We all have at least one person on social media who is a fitness enthusiast. And there is a culture around fitness (at least in the U.S.) that is about leveling up, so to speak. It’s about getting better, faster, stronger. It’s about pushing yourself harder and harder. Every time. It’s about never being satisfied.I believe there is a place for this. I do not have a judgment about people who do this. I think it is beautiful. I love when people have a thing. And I have known, and have respect for, many people in the fitness industry. (A fat girl trying to be a skinny girl makes a lot of those kinds of friends.) 

But I think there is a conversation that we should be having that we are not. And it’s this:

Not everyone needs to be a beast in the fitness arena. I want to be in shape. I want to have a healthy body. But I am not interested in leveling up. Because constantly leveling up as the only way to exercise is not sustainable in my life.

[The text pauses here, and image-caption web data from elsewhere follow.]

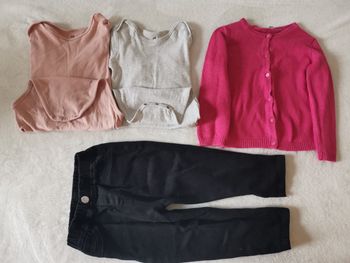 Lot de vêtements fille 3 à 3 ans 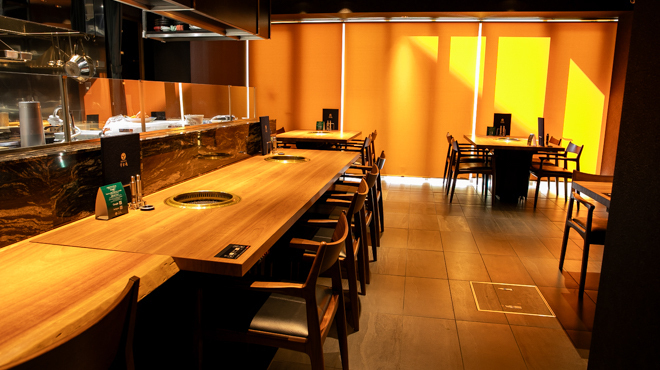 博多肉処 千里庵 - メイン写真:フロア全体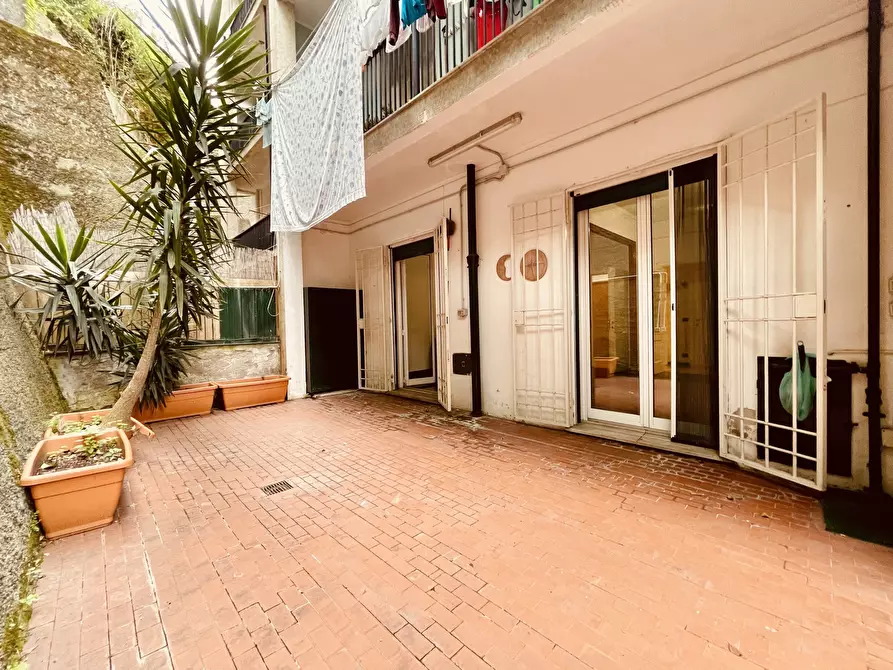 Immagine 1 di Appartamento in vendita  in Corso Europa a Genova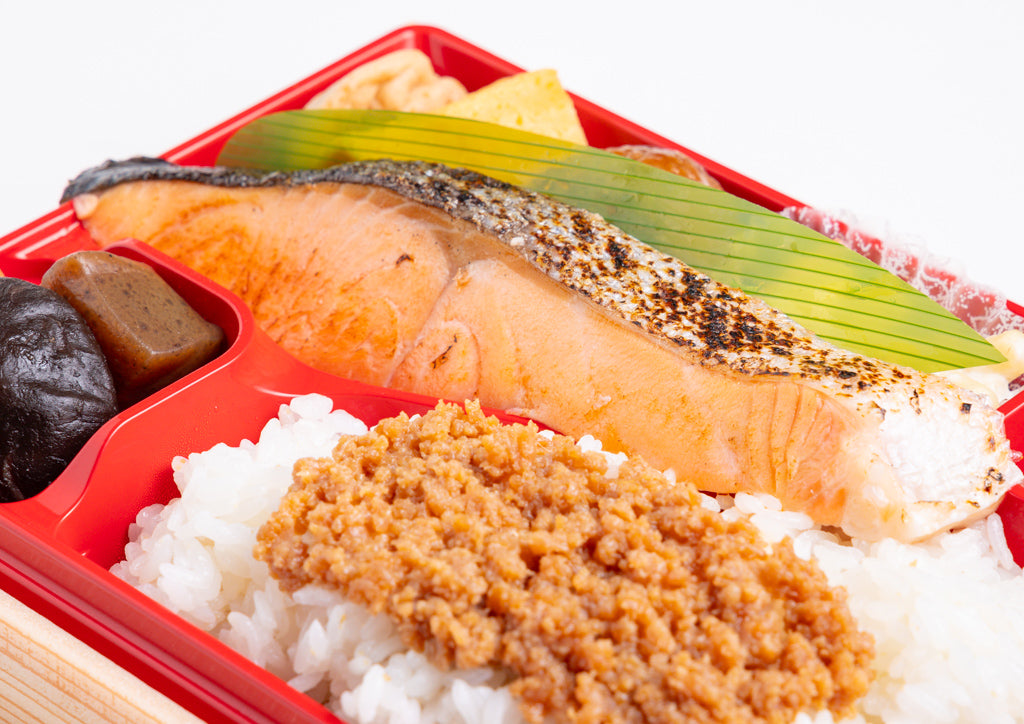 17.鶏そぼろと炙り銀鮭弁当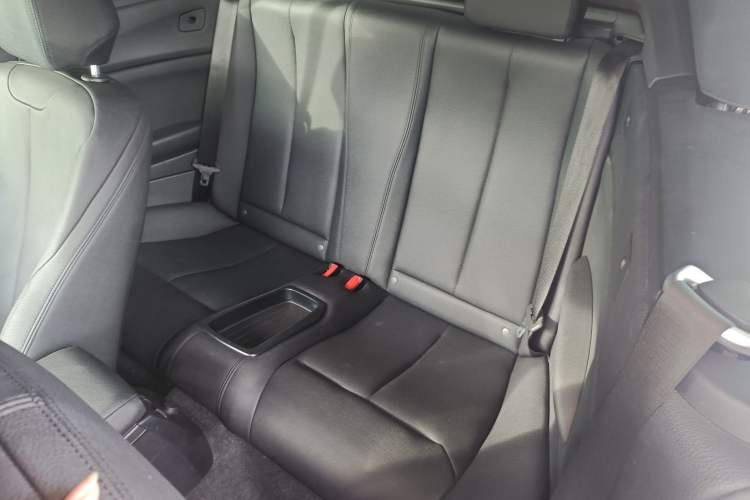Used BMW 2 Series 2019 225i Convertible Coupe Sports Design Package Interior 4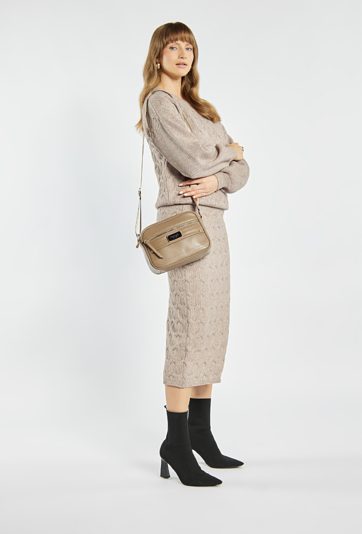 Mała torebka na pasku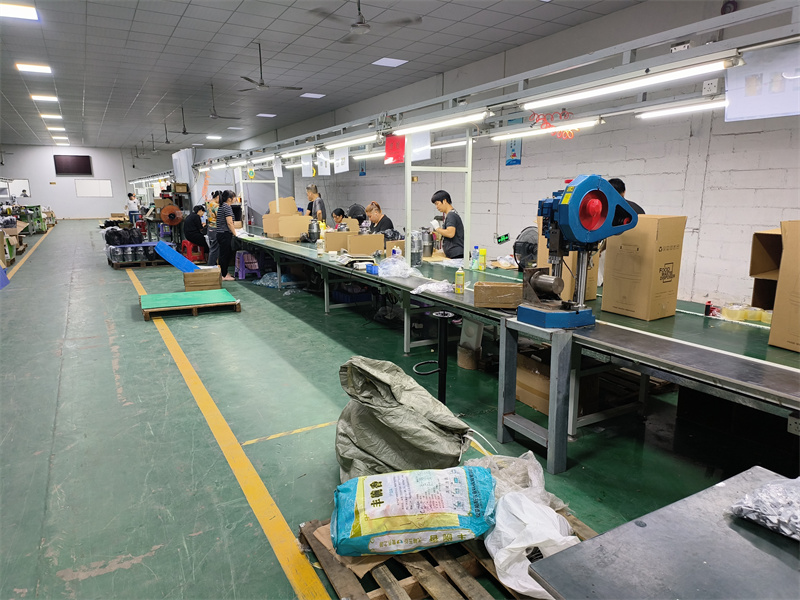 This is a kitchen food waste disposer with a mid-to-high-end positioning. 2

And that doesn’t make me any less admirable than the people who are constantly pushing themselves.

For me, and I think for a lot of people, this all or nothing attitude is overwhelming. And destructive. The idea that, if you are not continuously improving, you are some how going backwards, is prevalent in our fitness culture. Which is another aspect of our beauty culture. And it keeps you buying fitness gear, personal trainer sessions and gym memberships. 

Again, I am not knocking those things. I am suggesting that maybe having a commitment to work out consistently for your own health and peace of mind, without the need to “go big or go home,” or answer questions about “if you even lift” might be worth more to you in six months or a year, or 10 years, when you are still doing it. I am suggesting that maybe if you went moderate, or even small, you wouldn’t need to go home. Because I am going to tell you a secret I learned about commitment: 

Sometimes, in order to keep a commitment long term, you have to half-ass it. 

I’m telling you, sometimes I phone it in.

I am thinking about this today, because I half-assed my run today. The truth is, it’s cold here, especially in the mornings. And the wind is brutal. Yesterday morning, there were 25 mph winds with gusts up to 30 mph. And at certain points on my path, I have to run directly into it. And it ticks me off! I actually swore out loud at the wind yesterday.

So you can imagine that this morning, when it was 37 degrees, felt like 28, with 14 mph winds, I did not want to go.

I jog a 2 mile path that runs around my house, so that at one point close to the end of my run, but NOT the end, there is a little sidewalk that shoots off basically to my door. And today, I sure did want to go right there and skip the last quarter mile or so. But I didn’t. 

What I did do was slow down. Not to a walk. I was still jogging. My commitment to myself says that I only walk if I am injured or fear I will injure myself If I continue to run. What I did was take it easy. 

Today, I added over a minute to the time I ran just Tuesday. But I don’t care. I am not angry, frustrated or ready to quit, like I would be if my run were always about leveling up. Like I would be if it weren’t OK to take it easy.

The truth is, that I am improving. Naturally. Without trying. Without pushing. Without beating myself up. I’m sure not as much as the ones who are pushing. But I’m not them. I’m me. And I am making sure I can go on to jog another day.

Now, keep your fingers crossed for me that spring comes to Kentucky soon, and Running Against The Wind can go back to just being a Bob Seger song. (Darn it! Now that song is going to be stuck in my head all day.)